Coming clean: Hit-and-runner blabs to lawyer

Here's a strategy for handling a hit-and-run accident that isn't taught in driver's ed: Call your lawyer first.

That's what the driver who slammed into Adrienne Eichner's pickup did, and thanks to the attorney-client privilege, she still doesn't know who totaled her truck.

Eichner, 19, was awakened by a middle-of-the-night crash on St. Charles Avenue April 10, but she went back to sleep. "You wouldn't think it was your truck outside being demolished," she says.

She woke up again when the police arrived at 4:30am to tell her she was the victim of a hit and run. Her 1995 Toyota truck was no longer in front of the house where she'd parked it, but 40 to 50 yards away in her neighbor's yard. "The azalea bushes are the only thing that stopped it," says Officer Faron Ocheltree, who's investigating the incident.

"The odd twist to this is that an attorney contacted the police and said his client hit the vehicle, and is on probation, doesn't have a license, and he's been drinking," says Ocheltree.

Attorney Bud Treakle confirms that he contacted police on behalf of his unnamed client, but says he doesn't remember saying the driver was on probation, drinking, and license-less.

"I have a policy that I don't talk about pending cases," says Treakle. "My client is willing to make restitution."
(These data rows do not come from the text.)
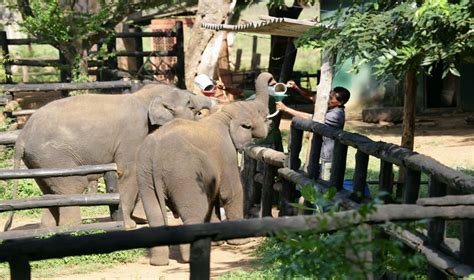 Uda Walawe Elephant Transit Home | Sri Lanka activities | Red Dot Tours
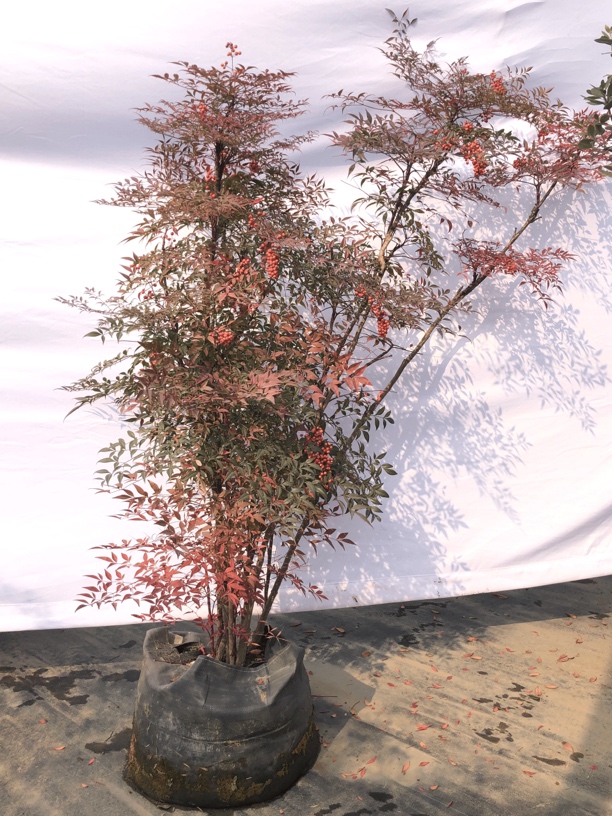 精美南天竹，盆栽地栽植物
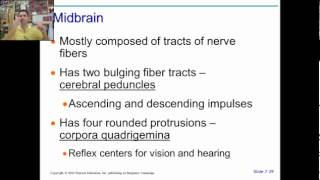 anatomy physiology chapter 11 part 2 [upl. by Berhley]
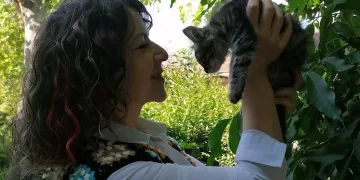 Ölen hamile kedinin karnını açıp yavrularını kurtardı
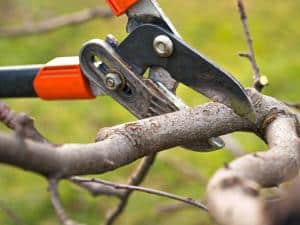 Hat racking, a pruning technique to control low shrubs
Use of attorney-client privilege to conceal the identity of a perpetrator is perfectly legal. "In fact, it would be unethical for the lawyer to disclose who it was if the client instructed him not to," says UVA law ethics prof George Rutherglen.

"That doesn't get the client off the hook," he adds. "If independent means find him, he can still be charged. The client doesn't get an immunity from prosecution."

And in fact, Officer Ocheltree is determined to nab the hit and runner, and he has a suspect, the result of a Crimestoppers' tip. "There's no doubt in my mind who it is," he says. "But until I can prove it in court, I'm not going to release the name."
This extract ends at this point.